A CFL spokesman confirmed the move in an email to The Canadian Press on Friday, which came after the head of the only laboratory in Canada sanctioned by the World Anti-Doping Agency slammed the league earlier this week. The CCES also confirmed the decision in a release on Friday evening.

Christiane Ayotte said that her lab would not test CFL samples moving forward because of the league's refusal to suspend first-time offenders or uphold drug bans handed down in university.

The CFL spokesman said Friday that the league is "actively pursuing new partners to do our testing" and that "we remain committed to the health and safety of our players and the integrity of our game," before adding: "We remain open to evolving our policy in a way that works for the CFL in partnership with the CFLPA."

After this week's developments, however, it won't involve testing overseen by the CCES.

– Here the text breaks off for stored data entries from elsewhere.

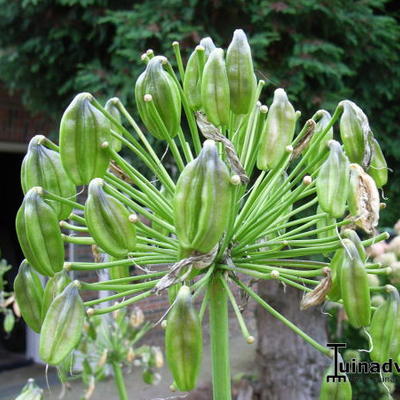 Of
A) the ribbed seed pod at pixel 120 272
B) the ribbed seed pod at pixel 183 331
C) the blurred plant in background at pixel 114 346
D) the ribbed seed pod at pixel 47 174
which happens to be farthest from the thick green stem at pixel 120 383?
the ribbed seed pod at pixel 183 331

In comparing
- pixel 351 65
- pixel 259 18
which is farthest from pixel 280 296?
pixel 259 18

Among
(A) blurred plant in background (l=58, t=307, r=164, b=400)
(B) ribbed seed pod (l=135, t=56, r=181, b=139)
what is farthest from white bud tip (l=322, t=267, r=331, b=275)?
(A) blurred plant in background (l=58, t=307, r=164, b=400)

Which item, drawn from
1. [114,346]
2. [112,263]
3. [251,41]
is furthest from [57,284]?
[251,41]

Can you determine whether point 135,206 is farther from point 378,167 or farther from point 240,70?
point 378,167

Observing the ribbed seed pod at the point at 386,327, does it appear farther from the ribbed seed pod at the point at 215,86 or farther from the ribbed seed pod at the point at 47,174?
the ribbed seed pod at the point at 47,174

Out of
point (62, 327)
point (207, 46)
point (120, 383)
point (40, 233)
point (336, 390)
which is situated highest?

In response to Ayotte's criticism, WADA said in a statement Wednesday that the CFL's drug policy has "room for improvement" and that it would welcome an "open dialogue with the league." The league said at the time no meetings are planned.

CFL president and chief operating officer Michael Copeland said Wednesday the league is proud of its drug policy, pointing to its focus on education, rather than suspension, following an initial positive test.

"Everybody gravitates to thinking there's only one solution," he said in a phone interview. "I think we're really forward-thinking in the development of our policy and we're really happy with the results. …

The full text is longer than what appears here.